Quo usque tandem abutere, Nimbus, patientia nostra?
u do realize that every country in europe is a christian state, with the exception of turkey which is a muslim state? and nearly every state in the middle east is an arab and muslim state? it's no different, except that jews had lost their state and were stateless for a long time, until recently. you are a racist evil person who can't see the equivalence through your hate.
My God can beat up your God. Just kidding...don't take offense. I know there's no God.
You're putting "maintaining its Jewish character" in quotes like it comes from somewhere other than your own bias. It's a straw man. The original mandate called for a two-state solution with lines drawn exactly where the Jews and Arabs at the time lived. That mandate was unilaterally abrogated by the Arabs of the entire region who thought dirty Jews shouldn't have a country at all. Tit for tat for tit for tat. But don't pretend that the Palestinians are blameless. They had a state, it wasn't good enough, so they gambled everything on a holy war and lost.
And you would be hard-pressed to find anyone outside of ISIS and Al-Quaida more fanatical than Mossad and its crazy Zionist ilk. The thought of them having cyber-weapons is scary. But much more scary is the thought that we actually gave those religious crazies nuclear weapons.
Huh?
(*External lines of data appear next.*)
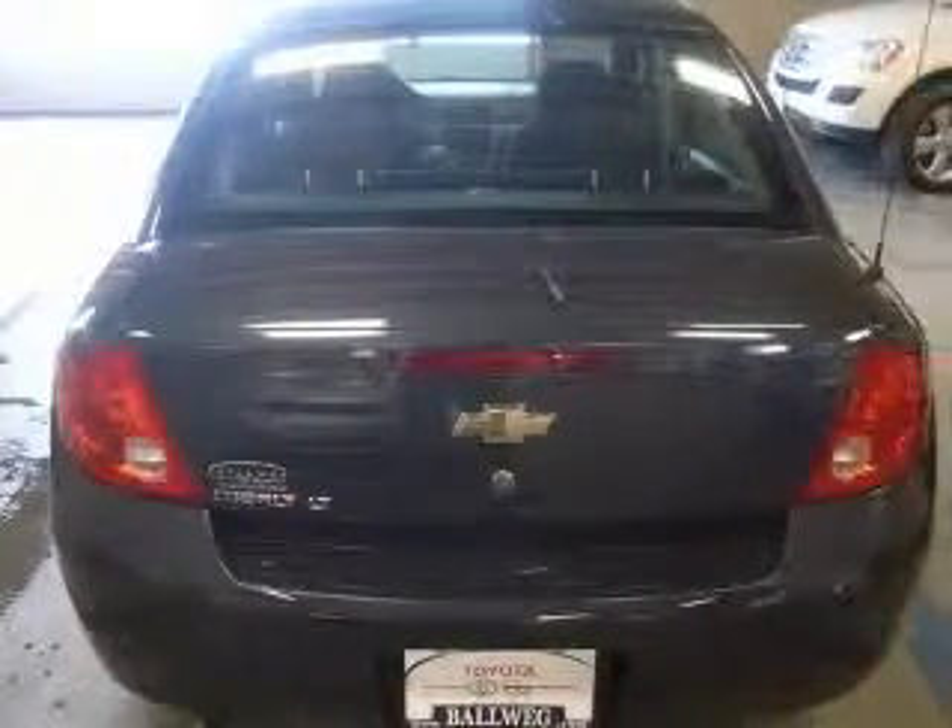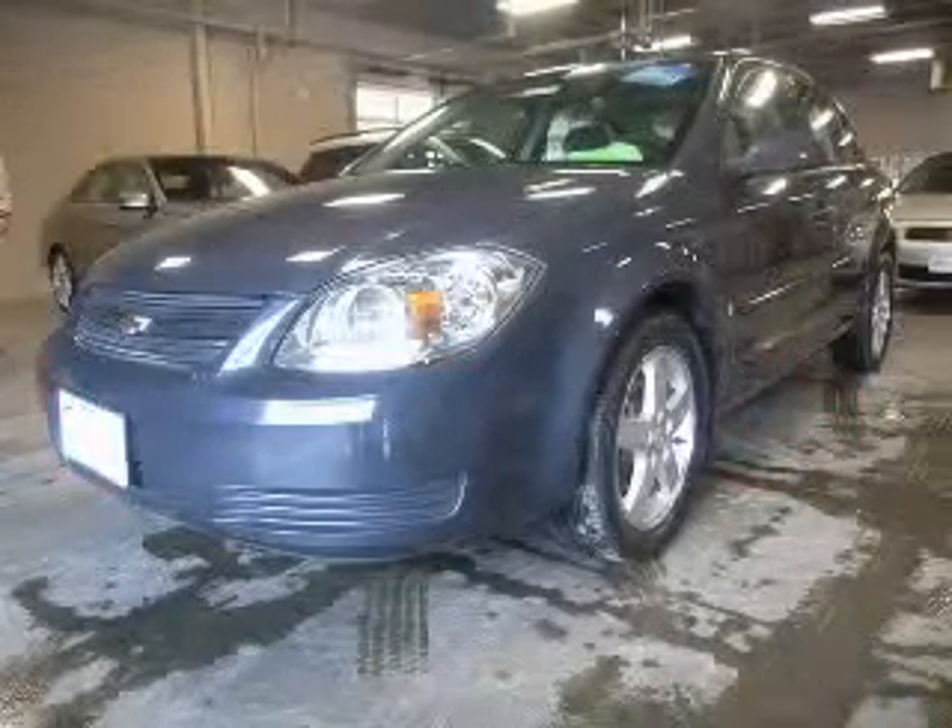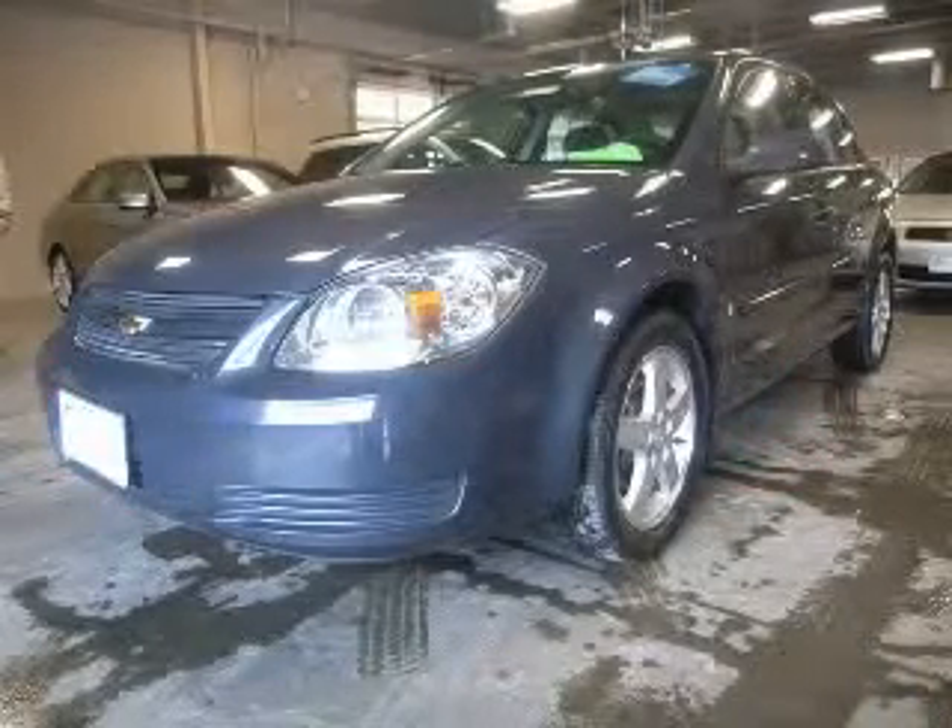External temperature display, front seat type bucket, front wheel drive. Contact our internet sales staff today to schedule an appointment.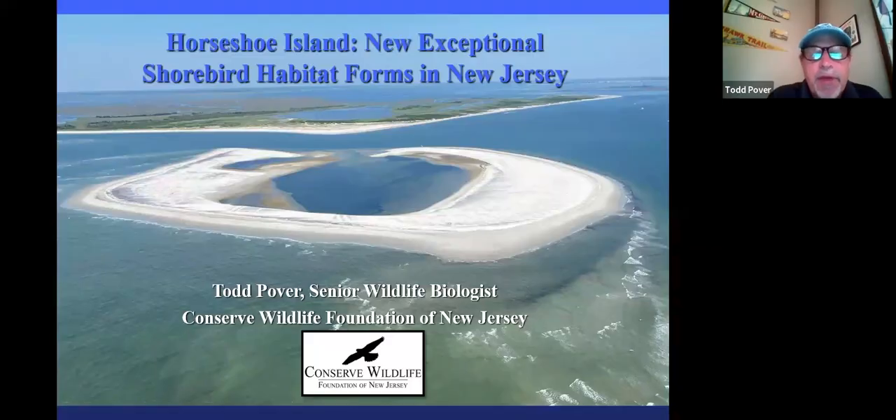Thanks for having me tonight. As Fiona said, I work for the Conserve Wildlife Foundation of New Jersey. If you're not familiar with us, we are a non-profit organization. Our mission is to protect, monitor, and help recover our state's at-risk wildlife. That ranges from our smallest salamanders and frogs up to eagles and raptors and a lot of species in between.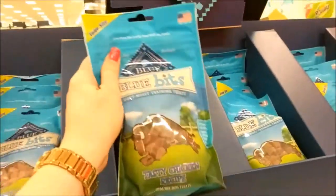Oh my goodness, this is so great. Look, they have Blue Buffalo. That is awesome.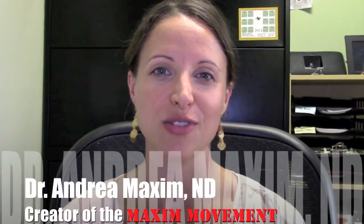I am Dr. Andrea Maxim, naturopathic doctor and the creator of the Maxim Movement, where together we try to maximize your hormones in order to maximize your overall health. The first step to understanding how to maximize your hormones is to understand the female menstrual cycle. The female menstrual cycle is split up into two phases.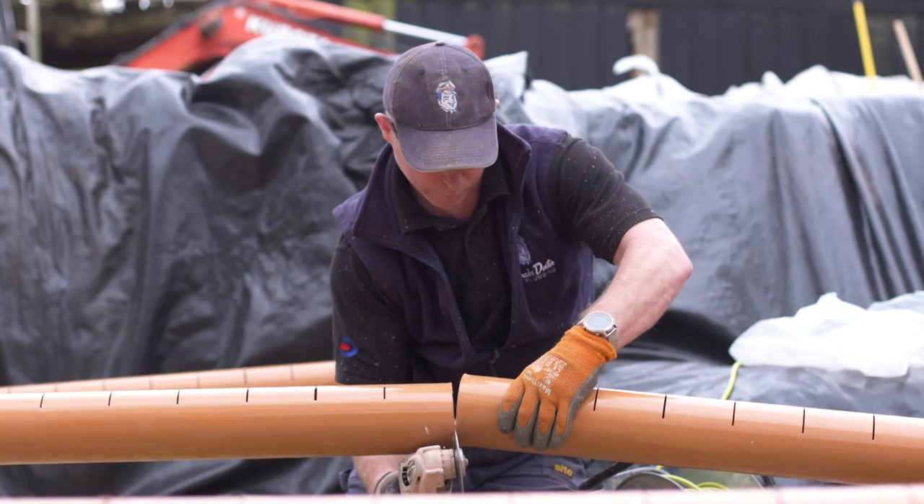A drainage field is a network of drainage pipes that sits below the surface of the ground and allows the discharge from either a septic tank or a treatment plant to flow into it, and the pipework underneath the ground is slotted.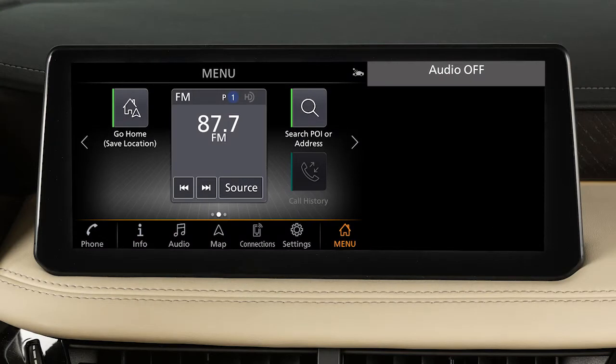This is one of the available systems for your vehicle. The menu options may vary slightly from the displayed menus.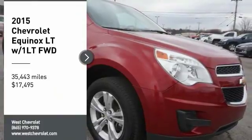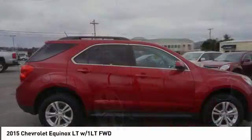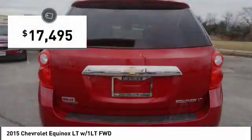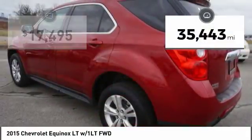Looking for the right vehicle? Check out the 2015 Equinox. Fuel efficiency, safety and value equals the Chevy Equinox, and is priced below $20,000. This vehicle has less than 40,000 miles.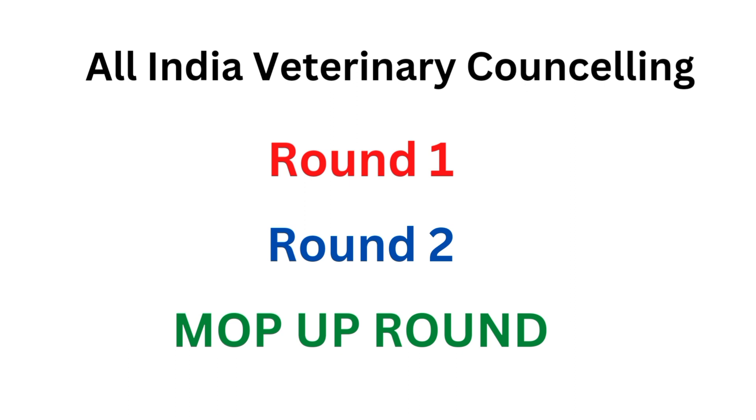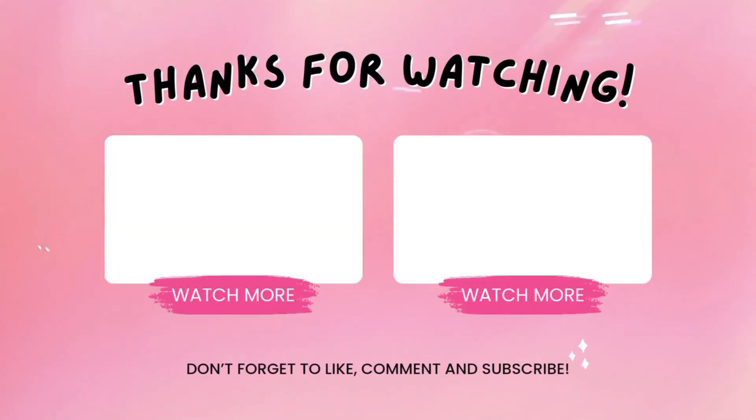I hope you're clear with this. If you find this video helpful, do like it, and if you like the content you can subscribe to my channel for further videos. Thank you so much for watching — take care and bye.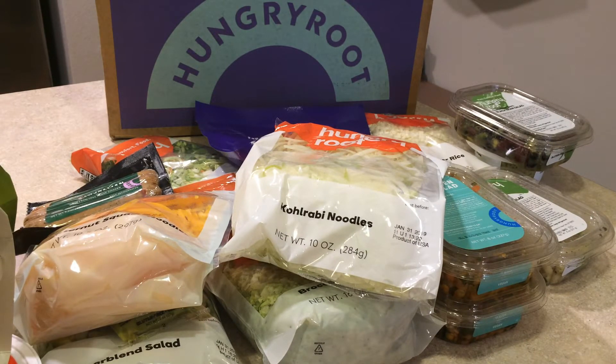That's everything for my Hungry Root delivery today. I'm going to go make some dinner — I'm not cooking in this video because I need to get everything in the fridge and use up what I already have from my previous Hungry Root order. I'll talk to you guys in the next video, bye!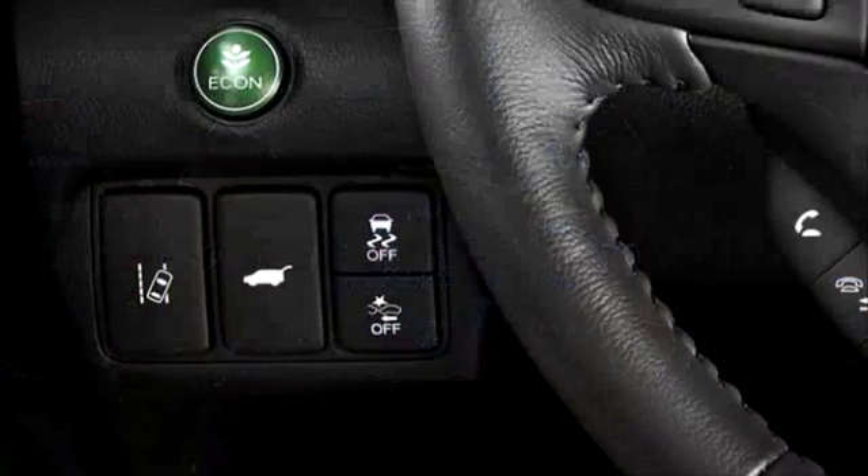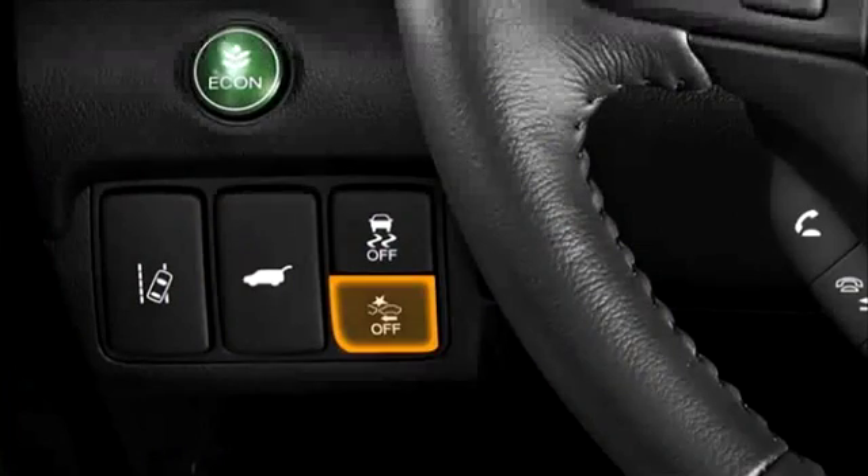And to turn the system off, press the CMBS button to the left of the steering column.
The Mossad, based on their past performance and actions, is a very level-headed, pragmatic secret service. The Zionist agenda is not their scope, albeit one could make the argument that any security apparatus, including the army or air force that ensures the survival of Israel, also indirectly serves the agenda of Zionism, to some extent.
That said, I am also not sure why you would lump Zionism and extremism together. Zionism simply means, in its broadest definition, bringing Jews to live in Israel.
In any case, comparing ISIS to practically any secret service in existence, is quite dishonest. ISIS is an organization that has institutionalized the torture and enslavement of girls, the torture and decapitation (sometimes burning alive) of non-Muslims, and systematic genocide of non-Muslim civilians.
"The agriculture ministry is not in charge of Gundam" - Japanese ministry official.
The company I work for hired a few security consultants from GE that were based out of Isreal to conduct a cybersecurity training seminar, and holy shit. These guys definitely knew what they were talking about. Easily one of the most valuable training seminars I have ever attended.
Inside of Israel proper is a democracy with almost full equality and an Arab Israeli population who is not only keeping up with Israelis overall rapidly increasing standard of living but gaining ground. The Gazans have 0 Jews among them. They live in misery after the withdrawal because they have been unwilling to live in peace. Most of the West Bank is arguably a military dictatorship on issues of defense. But even here the areas that Israel inhabits has very little Palestinians population. The population centers where the Palestinians live (Areas A and B) are self governing.
Israel is not an apartheid state. People just like to make up crap about Jews.
Inside of Israel proper is a democracy with almost full equality and an Arab Israeli population who is not only keeping up with Israelis overall rapidly increasing standard of living but gaining ground. The Gazans have 0 Jews among them. They live in misery after the withdrawal because they have been unwilling to live in peace. Most of the West Bank is arguably a military dictatorship on issues of defense. But even here the areas that Israel inhabits has very little Palestinians population. The population centers where the Palestinians live (Areas A and B) are self governing.
Israel is not an apartheid state.
What genocide? Less Palestinian were killed by Israel (including combatants) since the conflict started 100 years ago than Syrians over the past two years.
The Palestinians in both Gaza and the west back, individually, experience a positive natural growth.
If Israel is trying to commit genocide, it is criminally ineffective.